I think it’s worth pointing out one technical ‘caveat’: the agent should get utility 0 *on all future timesteps* as soon as it takes an action other than the one specified by the policy. We say the agent gets reward 1: “if and only if its history is an element of the set H”, *not* iff “the policy would take action a given history h”. Without this caveat, I think the agent might take other actions in order to capture more future utility (e.g. to avoid terminal states). [Side-note (SN): this relates to a question I asked ~10days ago about whether decision theories and/or policies need to specify actions for impossible histories.]
My main point, however, is that I think you could do some steelmanning here and recover most of the arguments you are criticizing (based on complexity arguments). TBC, I think the thesis (i.e. the title) is a correct and HIGHLY valuable point! But I think there are still good arguments for intelligence strongly suggesting some level of “goal-directed behavior”. e.g. it’s probably physically impossible to implement policies (over histories) that are effectively random, since they look like look-up tables that are larger than the physical universe. So when we build AIs, we are building things that aren’t at that extreme end of the spectrum. Eliezer has a nice analogy in a comment on one of Paul’s posts (I think), about an agent that behaves like it understands math, except that it thinks 2+2=5. You don’t have to believe the extreme version of this view to believe that it’s harder to build agents that aren’t coherent *in a more intuitively meaningful sense* (i.e. closer to caring about states, which is (I think, e.g. see Hutter’s work on state aggregation) equivalent to putting some sort of equivalence relation on histories).
I also want to mention Laurent Orseau’s paper: “Agents and Devices: A Relative Definition of Agency”, which can be viewed as attempting to distinguish “real” agents from things that merely satisfy coherence via the construction in our paper.
Yes, good point. I think I was assuming an infinite horizon (i.e. no terminal states), for which either construction works.
That’s the next post in the sequence, though the arguments are different from the ones you bring up.
I mean, you could have the randomly twitching robot. But I agree with the broader point, I think, to the extent that it is the “economic efficiency” argument in the next post.

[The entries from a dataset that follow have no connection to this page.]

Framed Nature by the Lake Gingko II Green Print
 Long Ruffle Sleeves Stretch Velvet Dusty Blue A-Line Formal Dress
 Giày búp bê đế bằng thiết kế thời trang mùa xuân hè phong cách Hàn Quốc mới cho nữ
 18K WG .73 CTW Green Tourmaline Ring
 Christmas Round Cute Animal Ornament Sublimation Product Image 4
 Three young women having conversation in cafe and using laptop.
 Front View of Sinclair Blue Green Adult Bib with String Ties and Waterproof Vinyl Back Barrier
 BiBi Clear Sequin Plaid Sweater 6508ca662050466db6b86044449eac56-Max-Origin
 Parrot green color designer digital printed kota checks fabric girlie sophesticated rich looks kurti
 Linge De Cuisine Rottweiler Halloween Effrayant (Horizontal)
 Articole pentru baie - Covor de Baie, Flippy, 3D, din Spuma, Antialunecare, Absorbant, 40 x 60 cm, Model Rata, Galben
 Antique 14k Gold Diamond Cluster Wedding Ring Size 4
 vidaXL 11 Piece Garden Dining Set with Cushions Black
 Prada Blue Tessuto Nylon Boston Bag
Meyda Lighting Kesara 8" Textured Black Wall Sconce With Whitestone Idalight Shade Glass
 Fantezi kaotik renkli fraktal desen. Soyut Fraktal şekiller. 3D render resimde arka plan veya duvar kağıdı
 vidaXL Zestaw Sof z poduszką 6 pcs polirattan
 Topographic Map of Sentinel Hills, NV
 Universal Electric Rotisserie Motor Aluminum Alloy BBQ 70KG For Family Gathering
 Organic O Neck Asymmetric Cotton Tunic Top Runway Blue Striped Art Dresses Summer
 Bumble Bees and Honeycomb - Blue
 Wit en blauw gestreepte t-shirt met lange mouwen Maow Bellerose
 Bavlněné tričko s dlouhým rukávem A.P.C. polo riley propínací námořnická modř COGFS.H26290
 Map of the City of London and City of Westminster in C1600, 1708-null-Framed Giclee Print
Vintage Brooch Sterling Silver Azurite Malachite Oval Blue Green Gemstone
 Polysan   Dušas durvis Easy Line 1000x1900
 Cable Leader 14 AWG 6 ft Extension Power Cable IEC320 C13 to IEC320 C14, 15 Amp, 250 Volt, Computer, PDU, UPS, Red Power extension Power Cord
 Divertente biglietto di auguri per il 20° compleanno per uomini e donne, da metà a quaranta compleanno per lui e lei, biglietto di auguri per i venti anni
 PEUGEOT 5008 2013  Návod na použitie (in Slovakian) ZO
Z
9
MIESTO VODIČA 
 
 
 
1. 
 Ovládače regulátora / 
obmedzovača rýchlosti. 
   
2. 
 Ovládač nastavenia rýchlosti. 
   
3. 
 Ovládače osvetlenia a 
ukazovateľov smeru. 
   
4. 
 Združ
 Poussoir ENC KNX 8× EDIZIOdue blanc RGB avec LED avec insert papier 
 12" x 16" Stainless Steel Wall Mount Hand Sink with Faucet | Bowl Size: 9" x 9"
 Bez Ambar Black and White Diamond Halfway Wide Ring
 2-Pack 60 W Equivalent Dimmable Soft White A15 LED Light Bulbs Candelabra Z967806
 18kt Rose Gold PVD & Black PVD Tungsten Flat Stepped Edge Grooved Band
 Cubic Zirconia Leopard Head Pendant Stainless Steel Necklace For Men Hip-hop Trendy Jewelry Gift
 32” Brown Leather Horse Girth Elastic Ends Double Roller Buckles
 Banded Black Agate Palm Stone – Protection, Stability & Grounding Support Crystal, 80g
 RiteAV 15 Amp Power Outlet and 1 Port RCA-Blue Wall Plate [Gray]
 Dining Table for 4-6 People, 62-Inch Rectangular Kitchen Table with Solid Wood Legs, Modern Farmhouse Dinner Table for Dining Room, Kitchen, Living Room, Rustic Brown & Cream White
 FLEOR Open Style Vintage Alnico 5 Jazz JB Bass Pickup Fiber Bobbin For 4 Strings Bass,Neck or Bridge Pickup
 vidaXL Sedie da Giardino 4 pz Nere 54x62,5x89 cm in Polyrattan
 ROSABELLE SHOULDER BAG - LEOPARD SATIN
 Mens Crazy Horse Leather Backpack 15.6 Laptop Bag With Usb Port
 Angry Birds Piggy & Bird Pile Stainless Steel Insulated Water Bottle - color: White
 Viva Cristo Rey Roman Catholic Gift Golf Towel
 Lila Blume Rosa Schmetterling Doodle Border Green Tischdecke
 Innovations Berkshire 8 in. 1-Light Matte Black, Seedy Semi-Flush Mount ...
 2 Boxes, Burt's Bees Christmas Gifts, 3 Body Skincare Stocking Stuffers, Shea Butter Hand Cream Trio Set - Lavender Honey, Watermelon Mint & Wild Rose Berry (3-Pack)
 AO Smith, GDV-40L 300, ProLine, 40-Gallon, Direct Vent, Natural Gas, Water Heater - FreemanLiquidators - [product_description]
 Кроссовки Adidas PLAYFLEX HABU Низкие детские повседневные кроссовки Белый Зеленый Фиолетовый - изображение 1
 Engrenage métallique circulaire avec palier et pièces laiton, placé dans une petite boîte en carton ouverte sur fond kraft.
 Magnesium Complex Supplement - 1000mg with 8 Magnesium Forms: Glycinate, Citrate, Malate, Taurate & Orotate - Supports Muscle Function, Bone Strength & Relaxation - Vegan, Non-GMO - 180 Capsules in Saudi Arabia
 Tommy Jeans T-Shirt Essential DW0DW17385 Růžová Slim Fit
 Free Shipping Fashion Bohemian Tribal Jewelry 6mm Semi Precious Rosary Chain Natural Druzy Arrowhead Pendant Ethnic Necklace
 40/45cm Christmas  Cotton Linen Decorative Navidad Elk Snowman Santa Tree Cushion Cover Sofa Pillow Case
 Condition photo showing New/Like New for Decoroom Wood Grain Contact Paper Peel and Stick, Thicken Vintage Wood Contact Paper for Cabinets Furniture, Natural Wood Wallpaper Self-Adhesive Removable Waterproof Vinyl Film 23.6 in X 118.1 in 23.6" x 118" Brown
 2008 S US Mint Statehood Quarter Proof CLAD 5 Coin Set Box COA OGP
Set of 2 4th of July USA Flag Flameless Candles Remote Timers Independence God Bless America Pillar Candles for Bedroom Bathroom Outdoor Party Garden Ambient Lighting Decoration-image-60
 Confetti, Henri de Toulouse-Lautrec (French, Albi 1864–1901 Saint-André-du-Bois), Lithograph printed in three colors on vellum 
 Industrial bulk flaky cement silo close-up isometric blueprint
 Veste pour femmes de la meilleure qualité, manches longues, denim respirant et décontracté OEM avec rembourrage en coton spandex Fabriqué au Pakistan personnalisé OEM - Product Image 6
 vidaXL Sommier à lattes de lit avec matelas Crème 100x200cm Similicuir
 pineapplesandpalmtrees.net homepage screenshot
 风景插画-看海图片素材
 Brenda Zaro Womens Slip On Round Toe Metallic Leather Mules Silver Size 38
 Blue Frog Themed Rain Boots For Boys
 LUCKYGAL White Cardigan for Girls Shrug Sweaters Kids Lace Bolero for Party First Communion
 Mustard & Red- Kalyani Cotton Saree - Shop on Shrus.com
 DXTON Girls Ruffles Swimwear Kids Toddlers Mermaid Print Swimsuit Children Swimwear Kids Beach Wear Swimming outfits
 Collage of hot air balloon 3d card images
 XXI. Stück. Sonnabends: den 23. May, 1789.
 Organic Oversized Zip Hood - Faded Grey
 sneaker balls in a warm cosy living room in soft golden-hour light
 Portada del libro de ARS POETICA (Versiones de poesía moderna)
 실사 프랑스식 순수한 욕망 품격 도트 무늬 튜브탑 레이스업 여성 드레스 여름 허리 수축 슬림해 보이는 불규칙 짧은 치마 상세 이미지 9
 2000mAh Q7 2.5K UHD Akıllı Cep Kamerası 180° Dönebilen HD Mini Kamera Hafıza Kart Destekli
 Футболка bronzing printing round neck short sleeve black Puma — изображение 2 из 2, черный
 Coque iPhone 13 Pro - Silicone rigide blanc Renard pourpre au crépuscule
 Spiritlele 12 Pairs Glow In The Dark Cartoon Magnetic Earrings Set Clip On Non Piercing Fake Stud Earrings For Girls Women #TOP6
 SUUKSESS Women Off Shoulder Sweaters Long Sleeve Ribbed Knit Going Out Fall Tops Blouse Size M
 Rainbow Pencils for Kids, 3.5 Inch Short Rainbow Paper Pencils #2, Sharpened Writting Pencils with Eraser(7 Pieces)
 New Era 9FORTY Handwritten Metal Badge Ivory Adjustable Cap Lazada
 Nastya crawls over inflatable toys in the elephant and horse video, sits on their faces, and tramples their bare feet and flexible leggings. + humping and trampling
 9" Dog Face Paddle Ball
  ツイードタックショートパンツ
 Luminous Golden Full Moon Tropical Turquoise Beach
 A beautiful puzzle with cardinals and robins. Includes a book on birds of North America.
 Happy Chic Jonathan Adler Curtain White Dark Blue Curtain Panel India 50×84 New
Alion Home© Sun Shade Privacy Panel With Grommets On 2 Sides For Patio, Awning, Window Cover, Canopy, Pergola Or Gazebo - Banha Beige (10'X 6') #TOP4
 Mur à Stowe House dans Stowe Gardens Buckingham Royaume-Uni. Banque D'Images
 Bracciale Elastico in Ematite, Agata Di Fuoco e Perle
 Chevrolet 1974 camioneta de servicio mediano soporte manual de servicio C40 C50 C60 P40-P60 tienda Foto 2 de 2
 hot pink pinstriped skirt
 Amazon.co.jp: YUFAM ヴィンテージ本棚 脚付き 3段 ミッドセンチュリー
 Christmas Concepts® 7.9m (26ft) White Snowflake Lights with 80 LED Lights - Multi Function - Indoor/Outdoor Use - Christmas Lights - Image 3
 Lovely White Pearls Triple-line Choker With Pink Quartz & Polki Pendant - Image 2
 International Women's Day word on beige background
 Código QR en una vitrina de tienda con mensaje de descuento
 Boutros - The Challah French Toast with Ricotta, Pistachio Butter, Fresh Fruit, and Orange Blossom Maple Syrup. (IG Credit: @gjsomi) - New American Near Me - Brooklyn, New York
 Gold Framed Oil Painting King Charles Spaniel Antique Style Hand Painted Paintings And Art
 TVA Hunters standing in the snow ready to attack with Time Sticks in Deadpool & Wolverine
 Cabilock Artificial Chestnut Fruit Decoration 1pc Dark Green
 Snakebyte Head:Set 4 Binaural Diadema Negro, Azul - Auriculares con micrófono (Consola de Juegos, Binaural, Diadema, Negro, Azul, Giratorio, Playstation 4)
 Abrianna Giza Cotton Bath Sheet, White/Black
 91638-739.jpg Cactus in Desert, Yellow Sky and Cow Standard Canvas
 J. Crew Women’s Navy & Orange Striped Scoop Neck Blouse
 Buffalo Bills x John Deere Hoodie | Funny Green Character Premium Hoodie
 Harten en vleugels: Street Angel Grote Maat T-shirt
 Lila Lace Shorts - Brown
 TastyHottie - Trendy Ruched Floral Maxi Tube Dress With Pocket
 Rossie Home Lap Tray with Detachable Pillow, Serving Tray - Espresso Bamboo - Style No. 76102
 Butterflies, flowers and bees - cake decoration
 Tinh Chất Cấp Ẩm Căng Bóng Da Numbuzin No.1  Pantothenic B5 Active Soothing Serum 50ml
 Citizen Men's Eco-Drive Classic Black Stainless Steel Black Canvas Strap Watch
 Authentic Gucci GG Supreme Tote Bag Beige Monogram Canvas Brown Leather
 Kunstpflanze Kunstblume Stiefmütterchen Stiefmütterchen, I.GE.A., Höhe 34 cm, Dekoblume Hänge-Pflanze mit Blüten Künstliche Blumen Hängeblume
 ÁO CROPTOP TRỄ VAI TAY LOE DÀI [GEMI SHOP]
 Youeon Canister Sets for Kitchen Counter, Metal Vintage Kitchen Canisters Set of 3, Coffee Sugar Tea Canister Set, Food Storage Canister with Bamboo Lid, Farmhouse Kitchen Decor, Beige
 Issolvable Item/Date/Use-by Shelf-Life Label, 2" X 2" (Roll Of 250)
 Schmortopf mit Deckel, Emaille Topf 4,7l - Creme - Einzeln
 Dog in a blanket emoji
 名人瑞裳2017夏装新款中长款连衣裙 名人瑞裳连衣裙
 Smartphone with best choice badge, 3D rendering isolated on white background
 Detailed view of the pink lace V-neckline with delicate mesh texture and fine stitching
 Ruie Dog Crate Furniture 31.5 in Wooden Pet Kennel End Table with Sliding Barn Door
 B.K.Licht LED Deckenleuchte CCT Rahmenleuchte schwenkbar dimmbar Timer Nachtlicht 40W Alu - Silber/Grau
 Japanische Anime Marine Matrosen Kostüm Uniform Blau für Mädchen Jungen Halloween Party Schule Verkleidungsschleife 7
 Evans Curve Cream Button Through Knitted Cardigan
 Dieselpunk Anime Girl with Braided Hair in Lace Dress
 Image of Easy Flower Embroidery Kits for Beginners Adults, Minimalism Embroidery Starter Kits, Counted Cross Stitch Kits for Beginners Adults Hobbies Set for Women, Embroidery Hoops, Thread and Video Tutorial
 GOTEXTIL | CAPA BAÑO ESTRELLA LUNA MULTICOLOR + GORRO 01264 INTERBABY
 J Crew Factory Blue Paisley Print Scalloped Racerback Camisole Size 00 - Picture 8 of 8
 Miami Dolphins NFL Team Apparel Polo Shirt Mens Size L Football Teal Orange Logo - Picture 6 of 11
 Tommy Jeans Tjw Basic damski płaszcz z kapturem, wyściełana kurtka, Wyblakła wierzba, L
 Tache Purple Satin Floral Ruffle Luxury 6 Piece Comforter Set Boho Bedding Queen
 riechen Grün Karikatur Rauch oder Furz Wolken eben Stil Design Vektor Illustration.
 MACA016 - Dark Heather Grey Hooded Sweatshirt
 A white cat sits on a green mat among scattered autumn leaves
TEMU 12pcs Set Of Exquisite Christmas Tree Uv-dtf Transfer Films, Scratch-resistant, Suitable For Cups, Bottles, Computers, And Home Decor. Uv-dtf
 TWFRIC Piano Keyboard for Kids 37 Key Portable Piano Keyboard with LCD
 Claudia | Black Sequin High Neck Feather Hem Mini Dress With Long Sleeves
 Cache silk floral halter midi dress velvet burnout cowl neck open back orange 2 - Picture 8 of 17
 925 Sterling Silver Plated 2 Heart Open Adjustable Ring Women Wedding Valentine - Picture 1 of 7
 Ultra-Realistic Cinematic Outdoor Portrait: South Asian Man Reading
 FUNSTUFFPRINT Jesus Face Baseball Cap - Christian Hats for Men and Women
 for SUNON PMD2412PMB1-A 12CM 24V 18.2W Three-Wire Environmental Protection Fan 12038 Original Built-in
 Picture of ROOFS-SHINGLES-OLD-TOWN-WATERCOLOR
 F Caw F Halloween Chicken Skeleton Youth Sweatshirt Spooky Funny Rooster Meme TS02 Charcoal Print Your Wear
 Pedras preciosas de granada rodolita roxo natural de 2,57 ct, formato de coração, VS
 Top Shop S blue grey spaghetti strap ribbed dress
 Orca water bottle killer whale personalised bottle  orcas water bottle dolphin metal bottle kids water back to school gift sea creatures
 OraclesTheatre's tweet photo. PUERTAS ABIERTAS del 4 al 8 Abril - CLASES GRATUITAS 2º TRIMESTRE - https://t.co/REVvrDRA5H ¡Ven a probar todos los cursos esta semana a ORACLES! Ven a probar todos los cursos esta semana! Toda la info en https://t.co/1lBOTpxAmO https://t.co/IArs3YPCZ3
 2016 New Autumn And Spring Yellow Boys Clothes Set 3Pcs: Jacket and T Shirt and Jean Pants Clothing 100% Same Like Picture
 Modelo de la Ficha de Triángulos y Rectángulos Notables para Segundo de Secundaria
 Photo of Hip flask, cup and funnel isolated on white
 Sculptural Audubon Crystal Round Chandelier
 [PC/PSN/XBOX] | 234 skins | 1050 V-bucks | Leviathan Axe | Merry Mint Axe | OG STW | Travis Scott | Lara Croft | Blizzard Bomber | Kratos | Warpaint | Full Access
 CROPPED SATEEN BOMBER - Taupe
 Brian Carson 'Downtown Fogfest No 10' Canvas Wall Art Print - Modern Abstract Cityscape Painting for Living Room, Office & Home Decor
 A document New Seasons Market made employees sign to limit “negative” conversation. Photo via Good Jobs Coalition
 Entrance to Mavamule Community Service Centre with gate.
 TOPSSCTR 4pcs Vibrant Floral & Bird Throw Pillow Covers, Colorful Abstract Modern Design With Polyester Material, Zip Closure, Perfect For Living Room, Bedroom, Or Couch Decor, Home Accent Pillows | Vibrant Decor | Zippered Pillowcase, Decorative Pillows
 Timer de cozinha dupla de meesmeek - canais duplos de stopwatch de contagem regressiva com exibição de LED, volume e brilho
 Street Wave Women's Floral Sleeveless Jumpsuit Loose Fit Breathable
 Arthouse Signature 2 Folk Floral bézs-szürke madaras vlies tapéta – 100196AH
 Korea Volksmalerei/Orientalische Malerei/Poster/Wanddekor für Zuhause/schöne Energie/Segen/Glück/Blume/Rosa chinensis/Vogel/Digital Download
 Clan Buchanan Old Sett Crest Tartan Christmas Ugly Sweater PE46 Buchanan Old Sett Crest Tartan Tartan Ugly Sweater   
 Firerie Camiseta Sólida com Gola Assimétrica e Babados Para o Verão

It seems likely the AI’s beliefs would be logically coherent whenever the corresponding human beliefs are logically coherent. This seems quite different from arguing that the AI has a goal.
Yeah it looks like maybe the same argument just expressed very differently? Like, I think the “coherence implies goal-directedness” argument basically goes through if you just consider computational complexity, but I’m still not sure if you agree? (maybe I’m being way to vague)
Or maybe I want a stronger conclusion? I’d like to say something like “REAL, GENERAL intelligence” REQUIRES goal-directed behavior (given the physical limitations of the real world). It seems like maybe our disagreement (if there is one) is around how much departure from goal-directed-ness is feasible / desirable and/or how much we expect such departures to affect performance (the trade-off also gets worse for more intelligent systems).
Yeah, it’s definitely only an *analogy* (in my mind), but I find it pretty compelling *shrug.